File: 00000001-X009741H/00/000/001/
2017/12/12 00:07:39 got read len 512
2017/12/12 00:07:39 ReadAt len 512 off 2048
2017/12/12 00:07:39 Start HTTP GET with Range: bytes=2048-2559
2017/12/12 00:07:39 HTTP ok.
File: 00000001-X009741H/00/000/001/us-patent-image.xml
2017/12/12 00:07:39 got seek 0 1
2017/12/12 00:07:39 got seek 982 1
2017/12/12 00:07:39 got read len 42
2017/12/12 00:07:39 ReadAt len 42 off 3542
2017/12/12 00:07:39 Start HTTP GET with Range: bytes=3542-3583
2017/12/12 00:07:39 HTTP ok.
2017/12/12 00:07:39 got read len 512
2017/12/12 00:07:39 ReadAt len 512 off 3584
2017/12/12 00:07:39 Start HTTP GET with Range: bytes=3584-4095
2017/12/12 00:07:39 HTTP ok.
File: 00000001-X009741H/00/000/001/00000001.pdf
2017/12/12 00:07:39 got seek 0 1
2017/12/12 00:07:39 got seek 320840 1
2017/12/12 00:07:39 got read len 184
2017/12/12 00:07:39 ReadAt len 184 off 324936
...etc...

Can you see the problem? That’s a whole lot of HTTP transactions! The TAR reader is working through the TAR stream a little bit at a time, issuing a stream of tiny reads. All of those short HTTP transactions are hard on the server, and terrible for our throughput, since each one entails many round-trips to the server.

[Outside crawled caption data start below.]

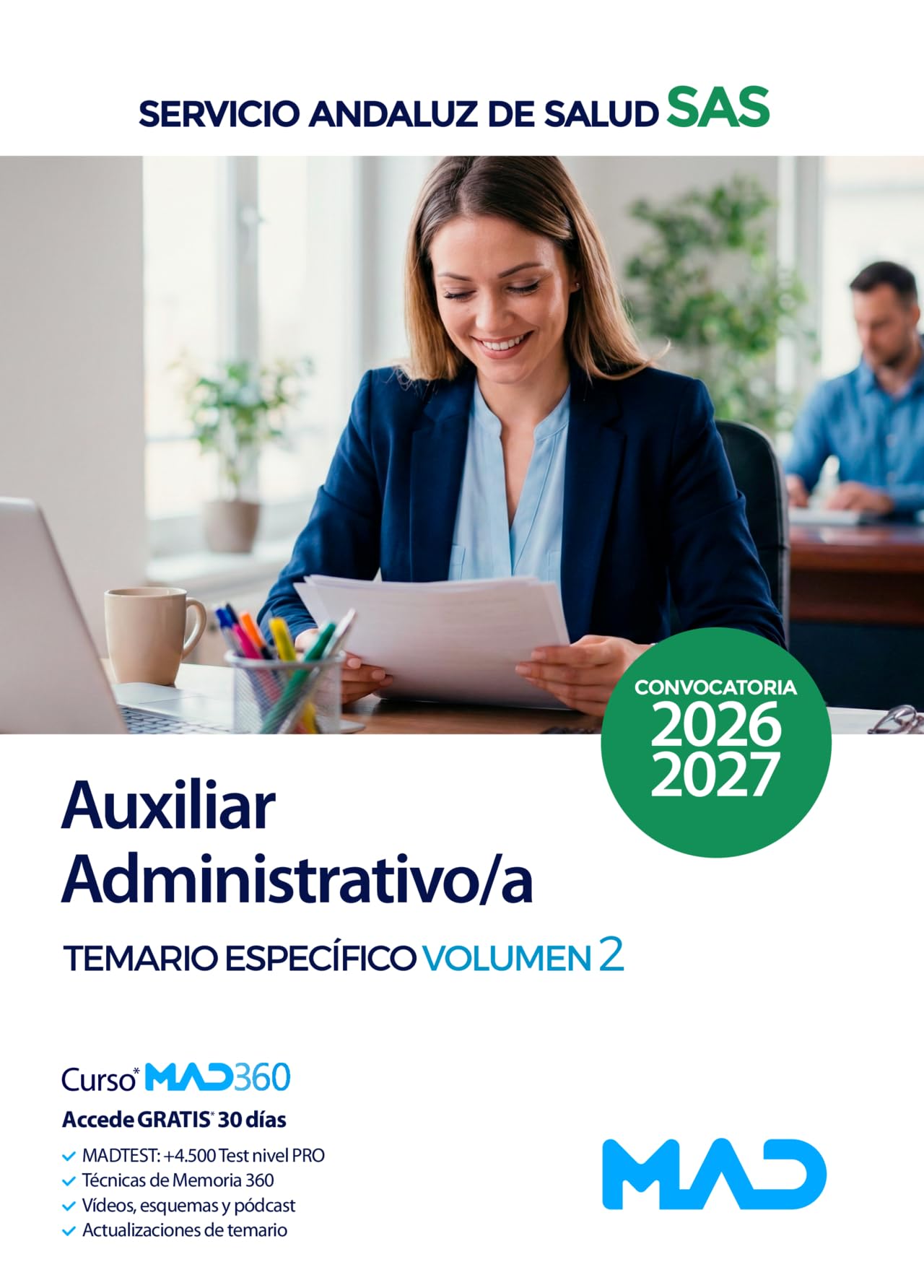 Libro: AUXILIAR ADMINISTRATIVO SAS 2026/27 TEMARIO 2
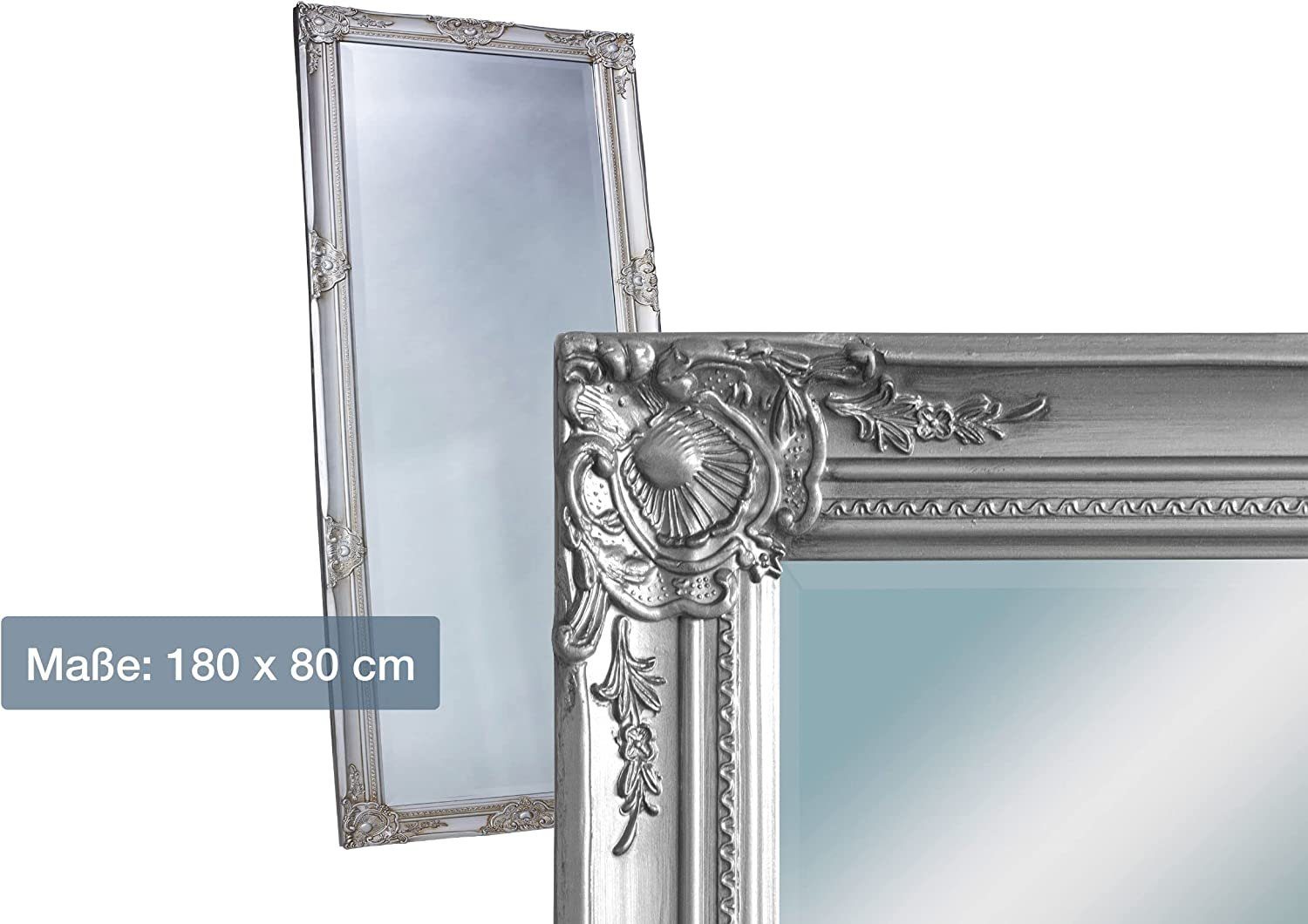 dasmöbelwerk Wandspiegel Wandspiegel Barock Silber 180x80 Spiegel Antik-Stil Ganzkörperspiegel, Spiegelfläche mit edlem Facettenschliff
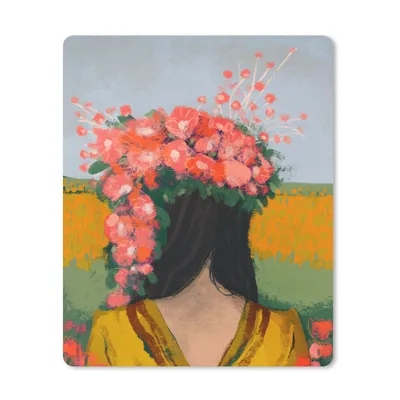 Produktbild von MuchoWow® Mauspad Mousepad Porträt - Blumen - Frau - Rot 30x40 cm - Mousepads - Maus Mat - Pad - Mausunterlage - Mausmatten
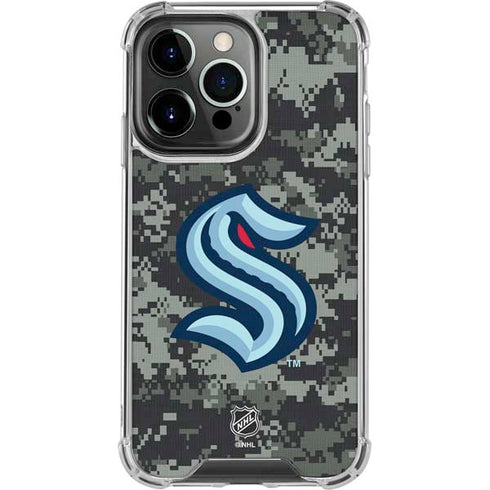 NHL Seattle Kraken Camo iPhone 15 Pro Clear Case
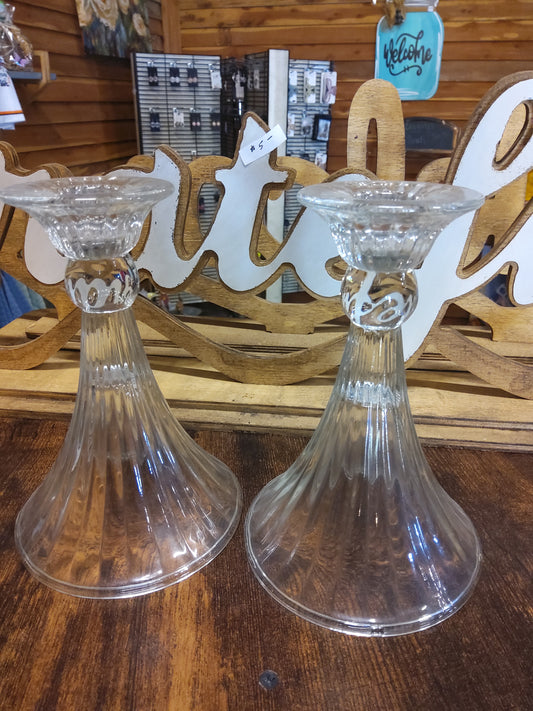 Crystal candle stick holders - Market Row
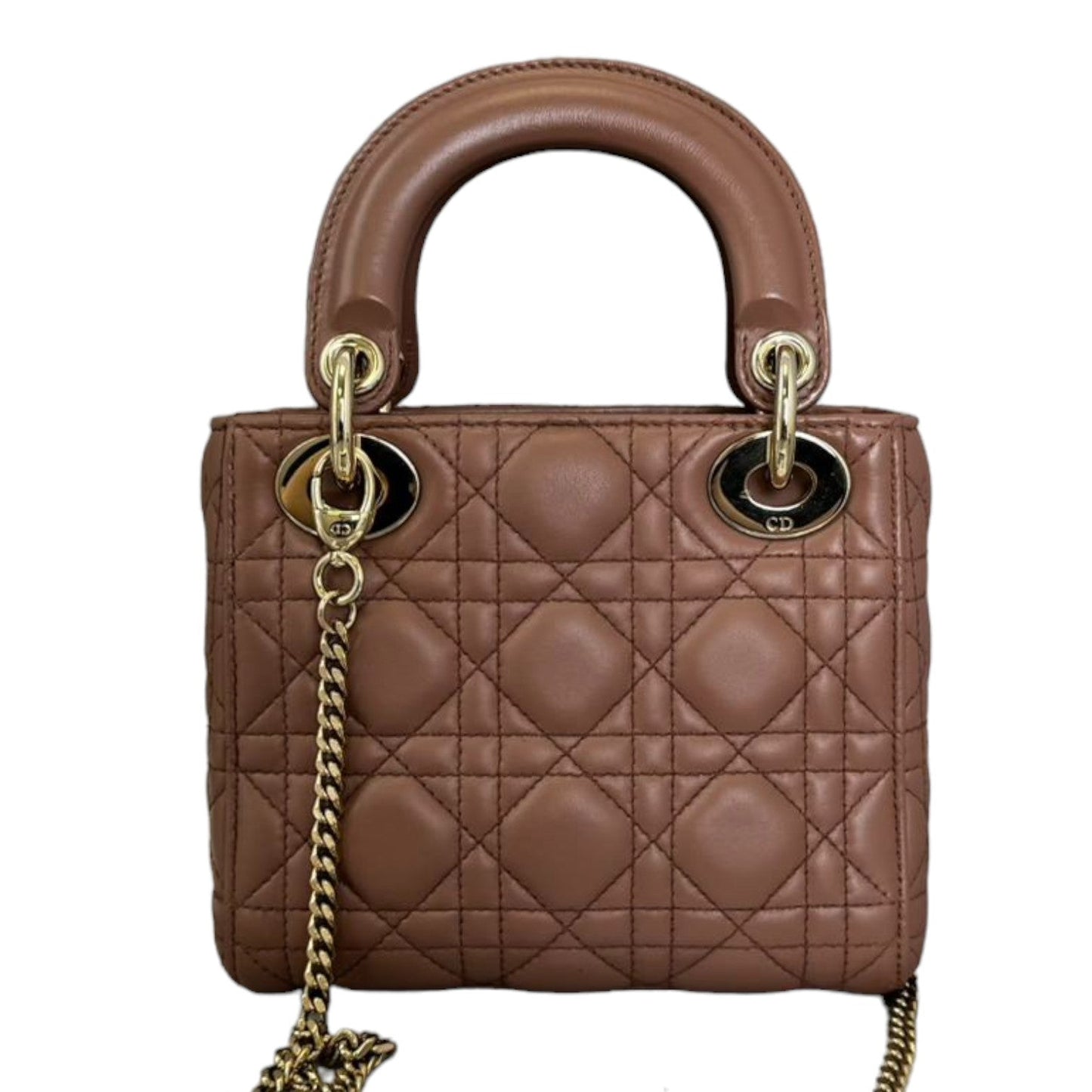 Lady Dior Mini Lambskin Light Brown GHW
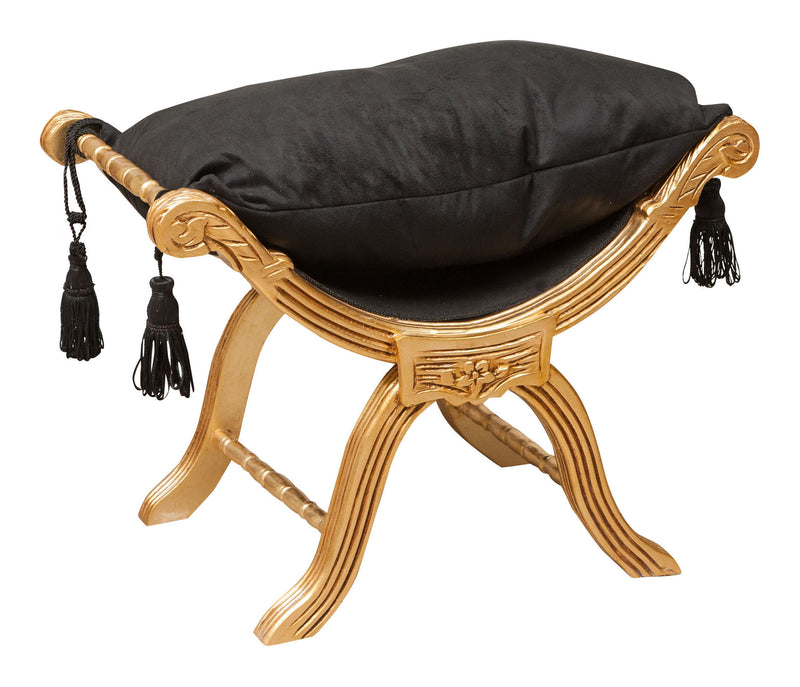 Biscottini Panchetta stile francese Luigi XVI in legno massello di faggio faldistorio XVI,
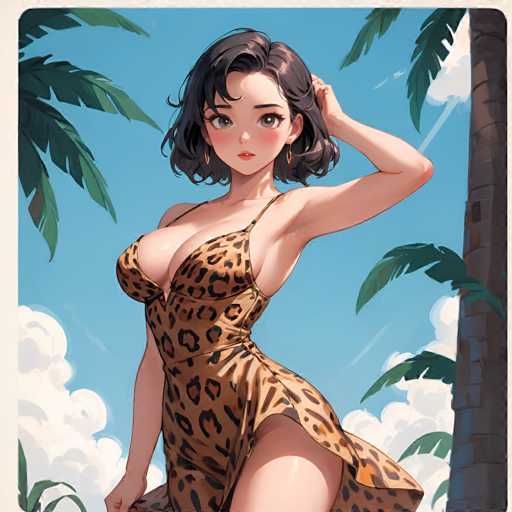 A woman with short dark hair is shown wearing a leopard print dress and holding her hand up to her head. The background features palm trees against a clear blue sky.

The solution, of course, it caching. Instead of reading just the first 512 bytes that the TAR reader asks for, I read 10 times that many, so that the next several reads will be serviced directly from cache. If there is a read that is outside of the cache, we assume that the other reads will come in that area as well, and drop the entire current cache, in order to fill it with 10x the current read amount from the new current offset.

The fact that the TAR reader sends a lot of small reads points out something very important about buffering. Giving the results of os.Open directly to tar.NewReader isn’t very clever, especially if your plan is to jump through the file looking for metadata. While it is true that *os.File implements io.ReadSeeker, we now know that TAR is going to issue a huge number of small system calls to the kernel. The solution, much like caching was the solution above, might be to use the bufio package to buffer the *os.File, so that the small reads that TAR is issuing will come out of RAM instead of going to the operating system. But be careful: is it really the solution? Does bufio.Reader really implement io.ReadSeeker and io.ReadAt like we need? (Spoiler: it doesn’t; maybe one of you readers would like to show us how to speed up Go’s tar using a replacement for bufio next advent season?)

I hope you have enjoyed this little trip through the standard library and HTTP, taking a look at how to work together with the standard library in order to help it achieve more than it was was written to do, so that it can help you get your job done. When you implement io.Reader and friends, you get a chance to go behind the scenes of the libraries you are calling into, and feed them data from places their authors never expected!